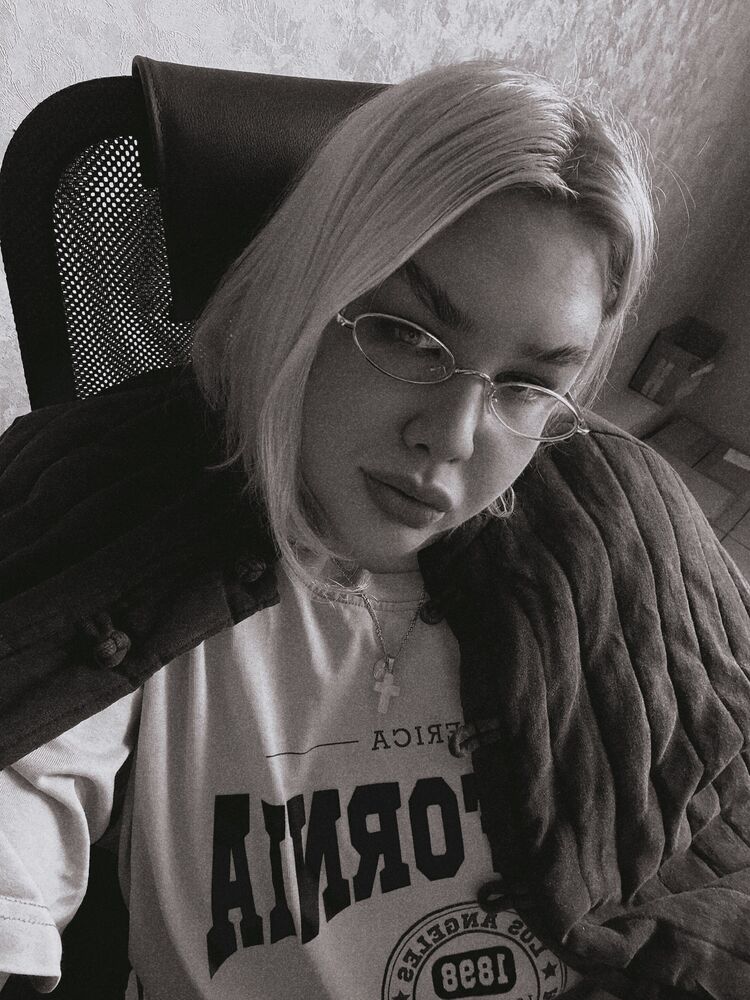 ���� 56290576 ������� ���, 28 ���, ���� ���������� � �������������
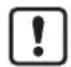 IFM AL1353 - Note: Security mode - 1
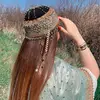 baha - @baharrasull7 - TikTok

▬▬▬

TASK TO COMPLETE: Print only the lines running from the line that contains "IFM AL1353 - Note: Security mode - 1" to the final line of the listing, both included. Omit every picture.

ANSWER SPACE:
 IFM AL1353 - Note: Security mode - 1
 baha - @baharrasull7 - TikTok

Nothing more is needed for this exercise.